PROBLEM REQUIREMENTS:
Should pictures appear among the records, leave them out, and copy exactly only the lines from the first through the one with "Building Photo - 23106 Port Antonio Way", inclusive.

(Brief descriptive captions)
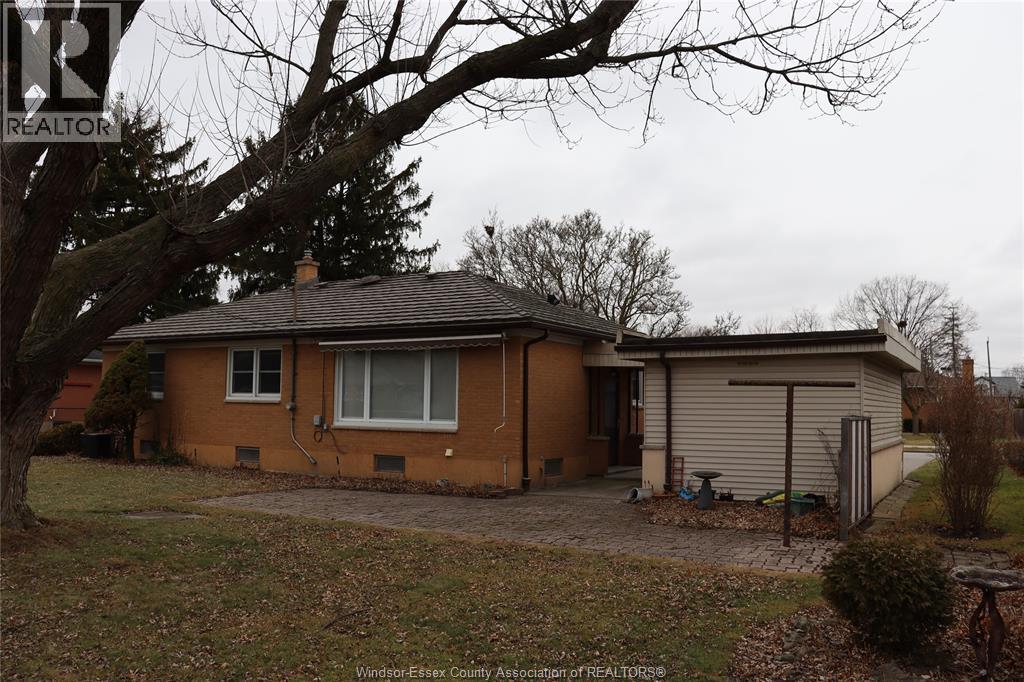 3820 Karen Street, Windsor, Ontario  N9G 1R2 - Photo 20 - 26000820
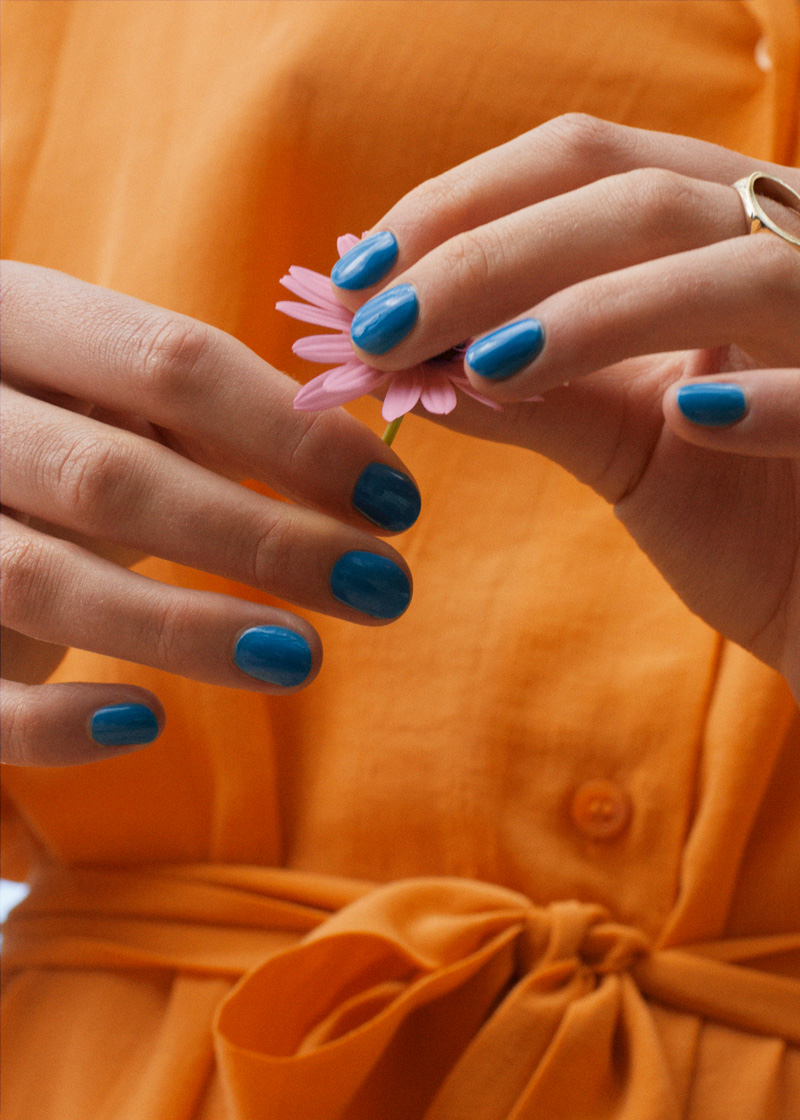 Nails Beauty Other Stories Nails Beauty Other Stories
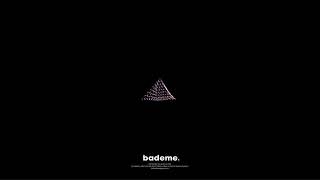[FREE] Oboy ( ft. Alpha Wann ) Type Beat - ALADIN | Prod. Badème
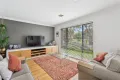 Property photo of 463 Yatala Vale Road Fairview Park SA 5126
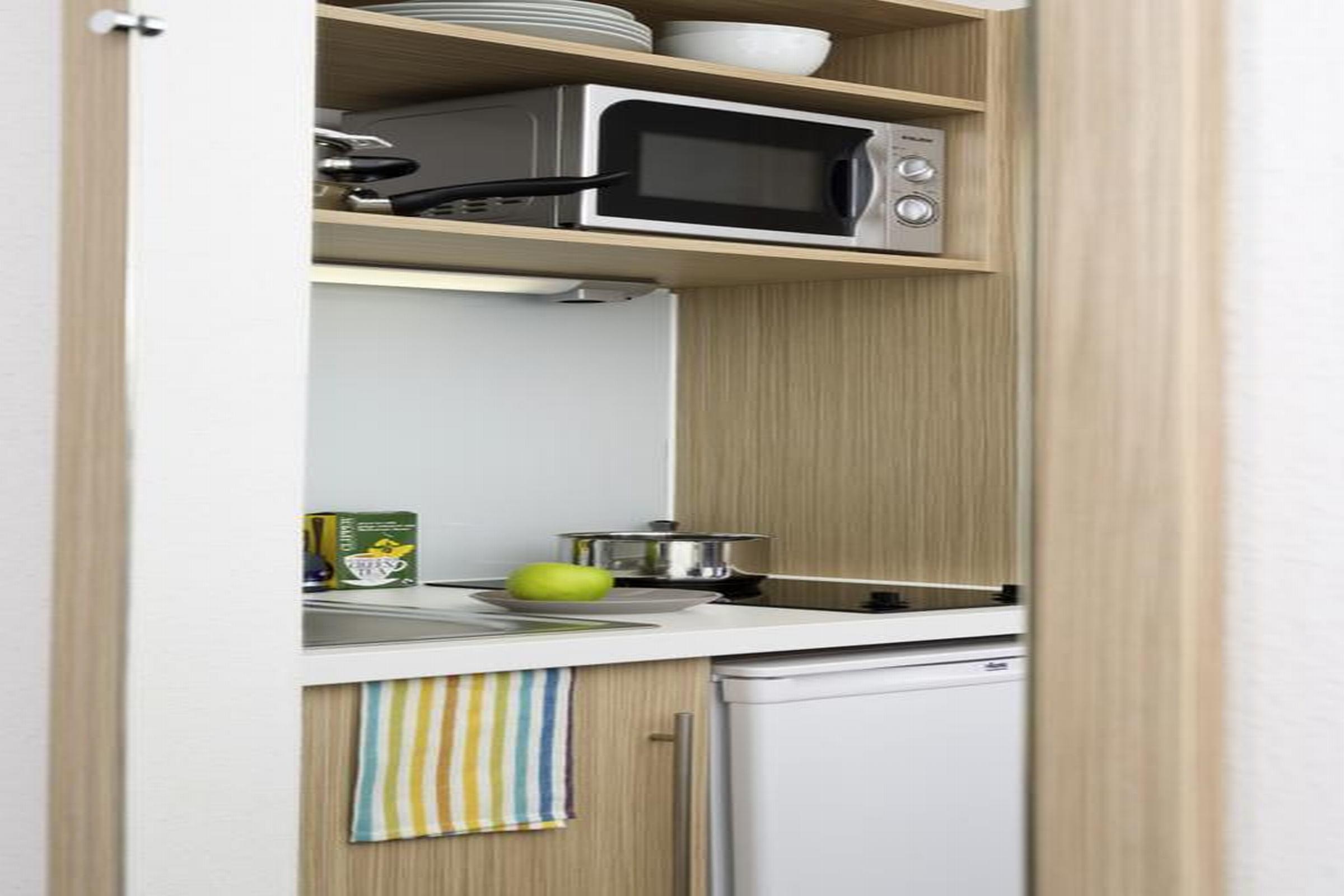 Adagio Access Europe Brussels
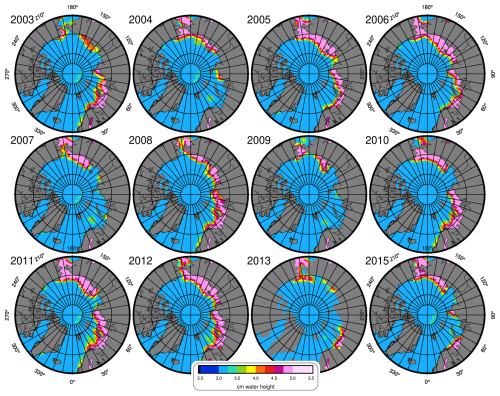 https://essd.copernicus.org/articles/18/3481/2026/essd-18-3481-2026-f02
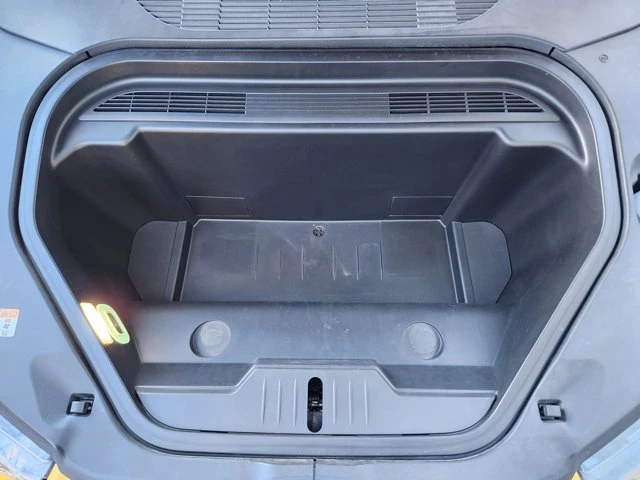 2021 Ford Mustang Mach-E - Image 17 of 20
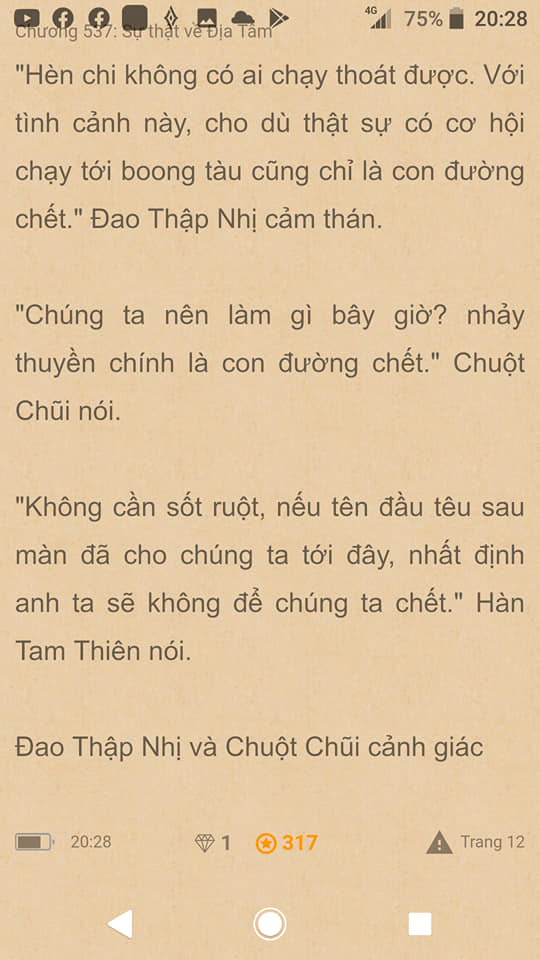 chang re sieu cap truyenhay.com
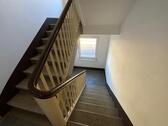 Foto - Etagenwohnung zur Miete in Greiz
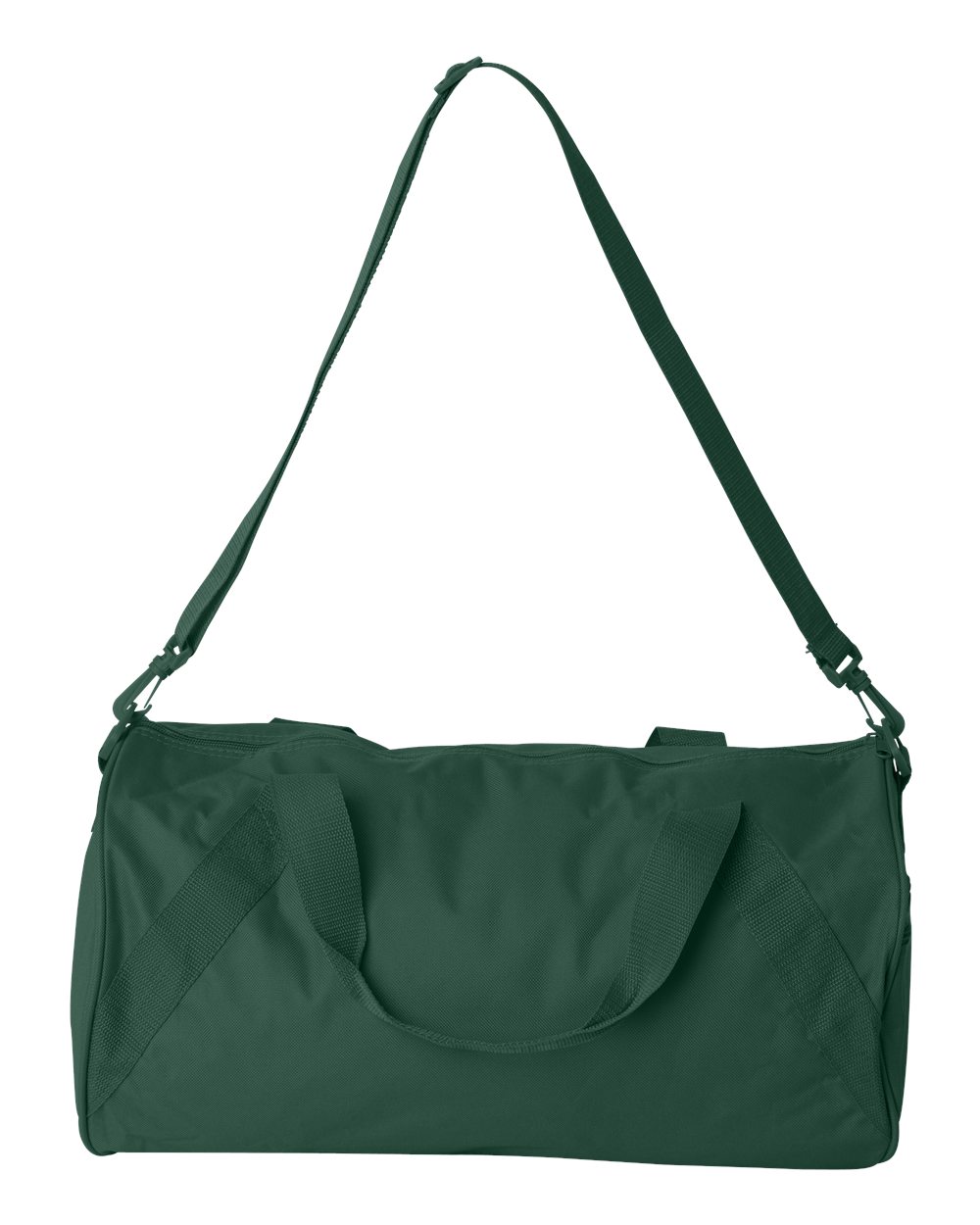 Recycled 18” Small Duffel Bag - 8805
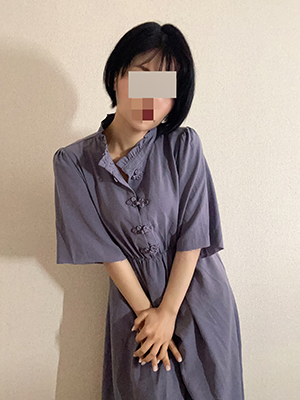 ̎gpςݗm̔X
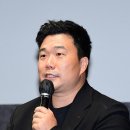 지비서포트 TV리포트
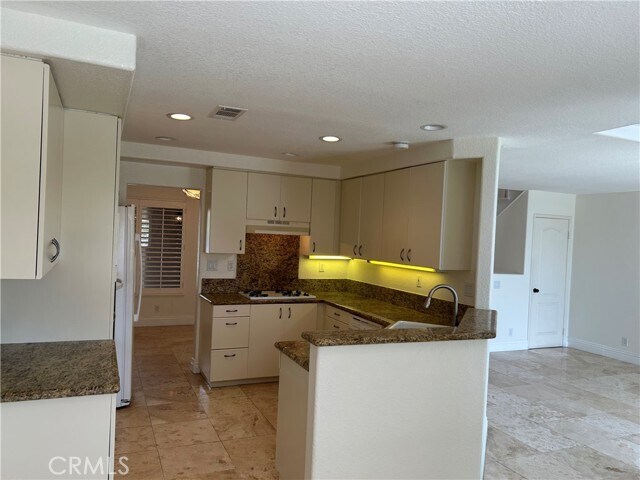 Building Photo - 23106 Port Antonio Way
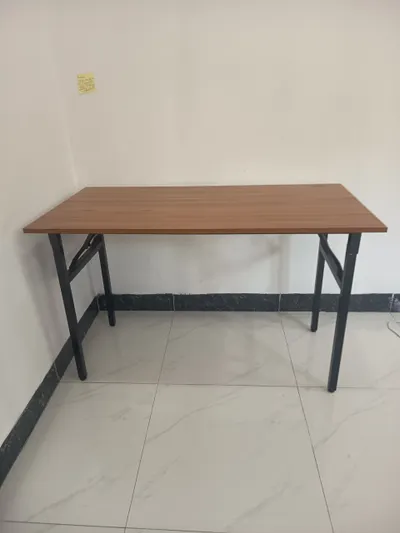 Home Items for Sale - Furniture, Organizers & Accessories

WRITTEN RESPONSE:
 3820 Karen Street, Windsor, Ontario  N9G 1R2 - Photo 20 - 26000820
 Nails Beauty Other Stories Nails Beauty Other Stories
[FREE] Oboy ( ft. Alpha Wann ) Type Beat - ALADIN | Prod. Badème
 Property photo of 463 Yatala Vale Road Fairview Park SA 5126
 Adagio Access Europe Brussels
 https://essd.copernicus.org/articles/18/3481/2026/essd-18-3481-2026-f02
 2021 Ford Mustang Mach-E - Image 17 of 20
 chang re sieu cap truyenhay.com
 Foto - Etagenwohnung zur Miete in Greiz
 Recycled 18” Small Duffel Bag - 8805
 ̎gpςݗm̔X
 지비서포트 TV리포트
 Building Photo - 23106 Port Antonio Way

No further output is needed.